Your right about selecting nothing else , IF you cut the carriers out . your missing out on some great dogs . IF you still utilize the carriers and cull the affecteds , or if you want carriers , you can still get all the good (granted you may loose a few exceptional dogs), by keeping only the clears -
________
Mexicocity hotel


----------



## andrewschlueter (Dec 23, 2009)

Linas Danilevicius said:


> Over the past three months there have been 48 FCs or AFCs titled.
> Linas


It would be intresting to see how many are EIC clear or EIC carrier.


----------



## Matt McKenzie (Oct 9, 2004)

I'd be willing to bet that if you look at all the finalists in this year's NFC and NAFC, every dog has at least one ancestor that is an EIC carrier and an ancestor that is a CNM carrier. There are some very nice dogs that are in most pedigrees that have positively influenced the breed immeasurably that were carriers of these diseases as well as others. If the tests had been available at the time, would dogs like Maxx, Cosmo, Tank, Honcho and Lottie have had the same influence on the breed? Would the dogs be as good? Who knows?


----------



## Linas Danilevicius (Jan 2, 2009)

This is pulled from a post on a thread regarding EIC. The post is from Katie Minor, one of the researchers that put the EIC test together. She was updating the stats as of July 2009. I would venture to say that this statistical sample would contain many of the Dams and Sires listed in RN for our new FCs and AFCs. I also go along with the previous post, that where would the breed be without Maxx, Cosmo, Lotties, etc?

"Hi everyone, 
I thought it was time for an update on numbers tested. These stats are from VDL official test results submitted since the test became available late last July.


700 affected -This includes diagnostic testing for collapsing dogs, as well as litter testing from parents found to be carriers. As such, it is inflated compared to the population at large; which is predicted to be 3-5% based on the carrier rate. 

2595 carrier 

3664 clear 

6959 Total



Affected 10%
Carrier 37%
Clear 53%

This is not a random sampling of Labradors. This is a breakdown of dogs tested."


----------



## MoJo (Mar 24, 2004)

Some definitions to start.

*genotype: *the genetic makeup of an organism or group of organisms with reference to a single trait, set of traits, or an entire complex of traits
This describes the genetics of the characteristics on the chromosomes.

*phenotype: *the observable constitution of an organism
This is what you see.


-EIC is pretty well proven to be dictated by an autosomal recessive mode of inheritance. What does that mean? (And I know most of you know this)
- Let's call the EIC clear gene E, and let's call the EIC affected gene e. 
- Assuming a strictly autosomal recessive mode of inheritance, the dog must have two little e's to be affected.
- Let's look at a breeding between a carrier (Ee) and a clear dog (EE) and look at how the two chromosomes could pair up.
- Reminder, it takes two to tango, so you need two ee's for an affected.

Carrier 
----------| E e
___________________
Clear ---E | EE Ee
---------E| EE Ee
==========================
That's 50% clear and 50% carriers. 

I would do it in a heartbeat if both of the dogs had other clearances, were very good performers and it was a good breeding.If you have a carrier, you just need to be careful about to which dog you breed.

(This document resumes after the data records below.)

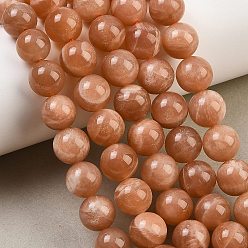 Солнечный Камень Натуральный Sunstone бисер пряди, гладкий круглый, 10.5 мм, отверстие : 0.7 мм, около 36 шт / нитка, 14.76~14.96 дюйм (37.5~38 см)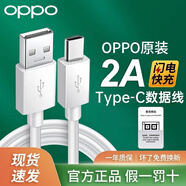 OPPO 原裝數(shù)據(jù)線充電線閃充r15x a5 a7x a3 a1 a9 a7 a59安卓快充通用充電線 原裝快充數(shù)據(jù)線【Type-C接口】 原廠盒裝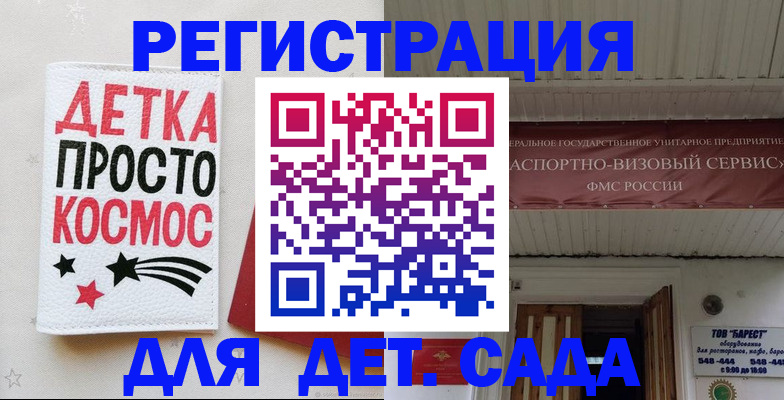 временная регистрация надежно в Октябрьском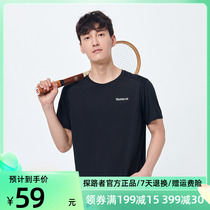 Pathfinder speed dry T-shirt male and female 20 spring summer new outdoor hygroscopic perspiration breathable round collar short sleeve TAJI81193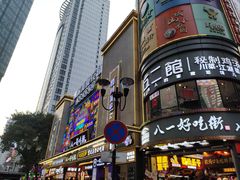 -八一好吃街·高品美食广场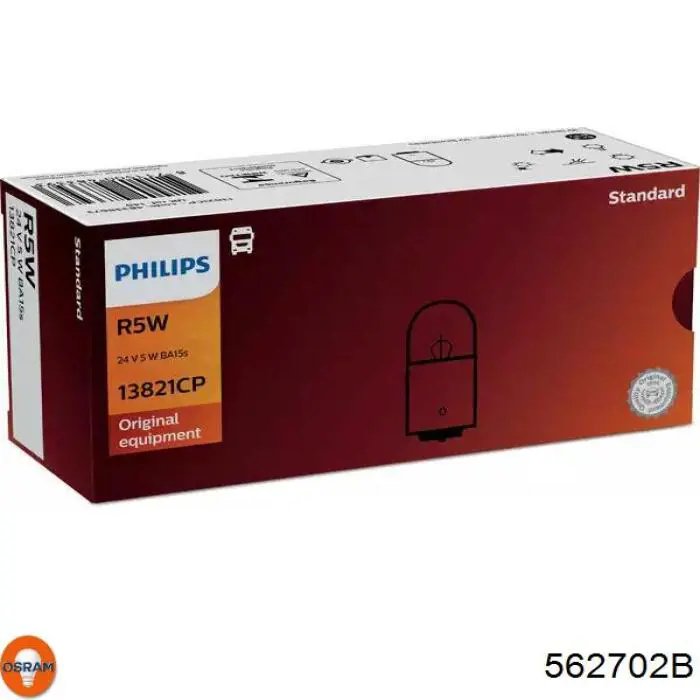 Лампочка 562702B Osram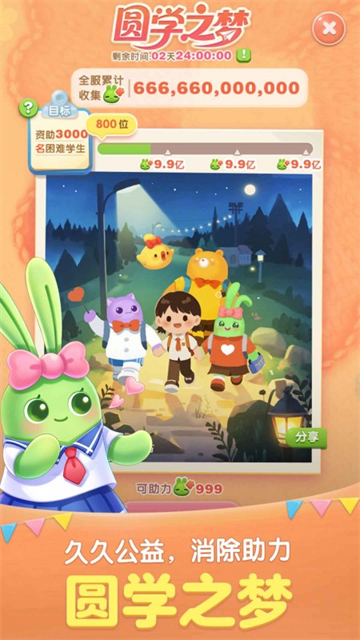 天天爱消除官方版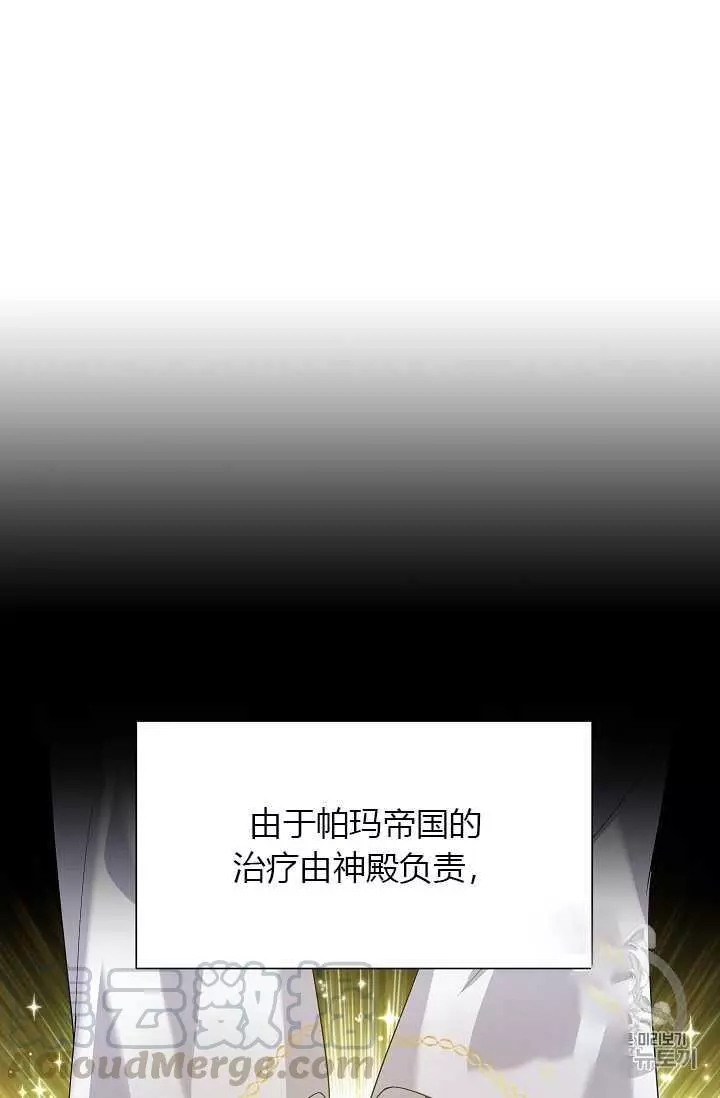第50话40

I think there are many out there that do not understand Mendelian genetics and how they operate and therefore become scared when they hear "EIC Carrier".

That being said, I am glad my bitch and the dog to whom I bred her are both clear mostly for the reason that I do not want to contend with the stigma of an EIC Carrier. However, I would have done it even if one of them was a carrier. 

I do not think we want to unnecessarily dilute the gene pool of talented dogs that could produce future nice pups due to a trait for which we can test, is autosomal recessive and will (as far as we know at this time) not be passed on phenotipically if you breed a carrier to a clear.


----------



## Granddaddy (Mar 5, 2005)

There is no such thing as a clean/clear dog. Every dog is a carrier of something - actually about 30 "somethings" if we are to believe geneticists. So we are going to advocate removing EIC-carriers from the breeding pool and somehow think we have accomplished something good for the breed ? While removing some otherwise great dogs w e will continue to breed the others who are still carriers of the 30 something genetic recessive traits - many of which could be far worse than EIC. I guess this means ignorance is bliss.....as long as we don't know what we are breeding it is better than breeding with the knowledge of how to avoid affected dogs? I don't think so.

Less than 5% of performance field dog owners are breeders, the rest of us (or at the least the majority) just want great, healthy dogs - and an EIC-carrier dog is just as healthy as an EIC-clear dog.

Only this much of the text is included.